Occasionally, a dinner guest at my apartment will stop mid-sentence, fork poised in the air, wearing a baffled expression. The reason? A tinkle — made by one of my two cats, Jonathan and Mama — coming from the bathroom. The pause in conversation is usually followed by a remark such as, "Wait? Cats can do that?" The answer is yes. From the time they are kittens, cats can learn to do all their business on the toilet. Here's how.
- Matt Morris
Step 1: Be prepared to spend several weeks on this process, allowing your cat to take two to three weeks for each step before moving forward. First, move the litter box into the bathroom to familiarize kitty with the space.
Step 2: Mold a foil baking pan securely under the toilet seat, making sure the seat doesn't wobble, then fill the pan with flushable litter. Always keep the toilet lid up and sanitize the seat after each cat use.

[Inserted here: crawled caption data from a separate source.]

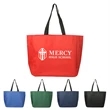 Metro Polyester Tote Bag 13"W x 12"H x 6.5"D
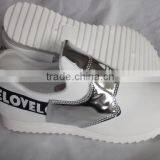 PVC Injection Girls Colorful Casual Shoes thumbnail-3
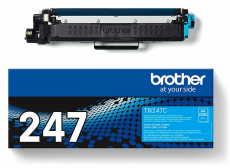 ORIGINAL Original Toner Brother TN-247C, ca. 2.300 S., cyan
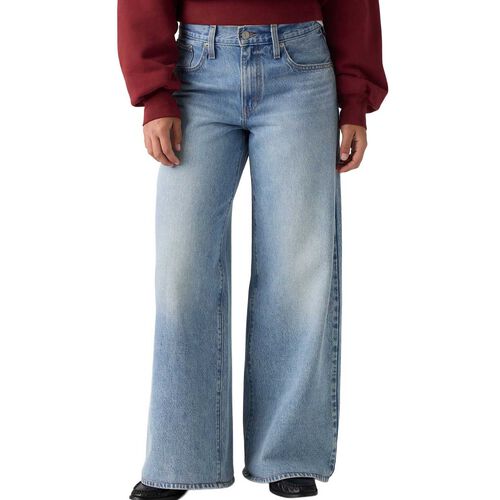 Levi's Middy Wide Leg Pen and Paper Jeans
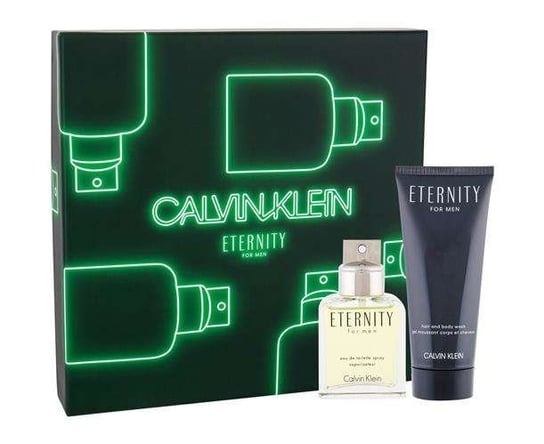 Calvin Klein, Eternity For Man, zestaw kosmetyków, 2 szt. Calvin Klein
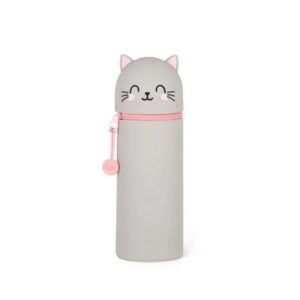 Kawaii Kitty Silicone Pencil Case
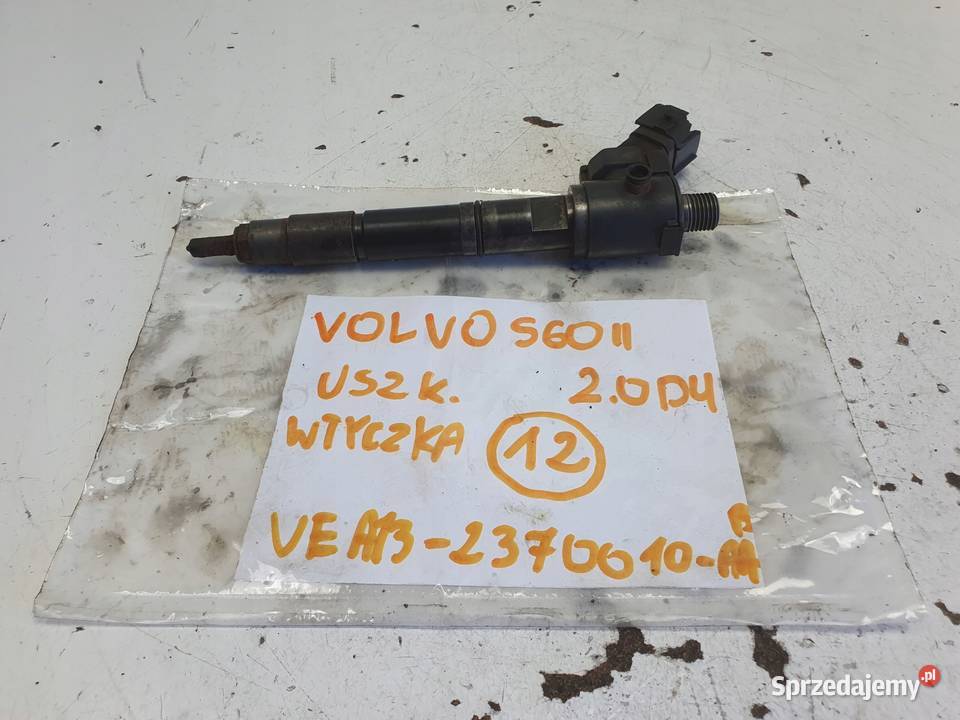 WTRYSKIWACZ Volvo S60 II V60 20 D4 wtrysk Wtryskiwacze Chełm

Step 3: Using a new pan, cut a 1.5-inch hole in the center. This helps cats learn to aim and develop proper posture. Sprinkle 25 percent less litter in the pan, replenishing as needed.
Step 4: Cut a 3-inch hole in a new pan and further reduce the amount of litter. At this point, your cat should be aiming for the hole and successfully urinating into the toilet. It will likely have its front paws on the toilet seat and rear paws in the pan.
Step 5: Cut a 6-inch hole in a new pan, adding just a touch of litter, with the goal of eliminating litter by the end of this stage. Kitty should have all four paws on the toilet seat before you remove the pan completely.
Step 6: Cat successfully uses the toilet.